Ayed estime, par ailleurs, que la trichotomie de l’architecture bancaire tunisienne entre “banques publiques” -souffrant d’un héritage douloureux de crédits accrochés, “banques privées” -qui dépendent de grands groupes privés et qui travaillent pour les intérêts de ces groupes-, et “filiales de groupes étrangers” -qui prennent leurs ordres des sièges de leurs banques-, n’est pas non plus de nature à favoriser le rôle des banques dans le financement de l’économie. Cette trichotomie renforce, par ailleurs, la réticence des banques aux changements “.

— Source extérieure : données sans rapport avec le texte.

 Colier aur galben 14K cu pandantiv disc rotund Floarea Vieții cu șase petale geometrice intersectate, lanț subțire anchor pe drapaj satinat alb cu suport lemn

Défaillance des assurances…

S’agissant des assurances, autre composante du secteur financier, Ayed dénonce aussi leur défaillance dans la collecte de l’épargne nationale et, partant, dans le financement de l’investissement. “Rares sont aujourd’hui les compagnies d’assurances en Tunisie qui ont configuré leurs affaires en deux pôles : un pôle assurance et un pôle investissement, comme c’est le cas partout dans le monde “.

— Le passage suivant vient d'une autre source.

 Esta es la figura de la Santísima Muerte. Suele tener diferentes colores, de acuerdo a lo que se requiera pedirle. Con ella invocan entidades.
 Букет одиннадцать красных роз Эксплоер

L’ancien ministre des Finances jette également un regard critique sur la performance de la Bourse tunisienne. “La capitalisation boursière ne représente que 22% du PNB en Tunisie contre 70% au Maroc, ce qui donne lieu à une Bourse défaillante alors qu’il aurait suffit d’introduire en Bourse certaines entreprises publiques performantes pour la dynamiser. A défaut, le marché de capitaux reste ainsi en-deçà de son potentiel “.

Quasi inexistence d’un marché des obligations en Tunisie

Pour ce qui est du financement des grands projets, l’ancien ministre soulignera que ” ce type d’investissement a besoin de financements à moyen et long termes, lesquels nécessitent l’existence d’un marché de capitaux, et notamment d’un marché des obligations. En Tunisie, le marché des obligations n’existe presque pas, en l’absence des conditions nécessaires pour sa mise en place, dont l’existence d’une courbe des taux “.

“Pour pouvoir développer ce marché des obligations, il y a une approche séquentielle à adopter dont la première étape serait de créer un marché secondaire de bons de trésors, qui va à son tour favoriser l’établissement d’une courbe des taux et la promotion du marché des obligations “.

Baisse des IDE: la dépréciation du dinar en cause

Concernant les IDE, Ayed considère que ” la réticence des investisseurs étrangers est en quelque sorte due à la dépréciation du dinar qui a un impact très négatif sur le TRI des IDE (taux de rendement interne qui mesure la performance du projet). Pour cela, il y a bien évidemment des solutions dont la mise en place d’un système de couverture des risques de change, si les projets en question dégagent une valeur ajoutée économique, sociale et environnementale. Dans ce cas, le coût de ce système serait beaucoup moins inférieur à la valeur ajoutée dégagée “.

” Pire, en Tunisie, certaines banques n’offrent plus même la couverture de change simple à très court terme (3 mois/6 mois) aux opérateurs tunisiens, ce qui est très entravant pour l’investissement “, déplore Jalloul Ayed.

Dans sa conclusion, Ayed affirme que ” le système financier tunisien a pris beaucoup de retard, le chemin de son redressement reste long, mais nous sommes toujours dans la capacité de le faire, si volonté il y a de le faire “.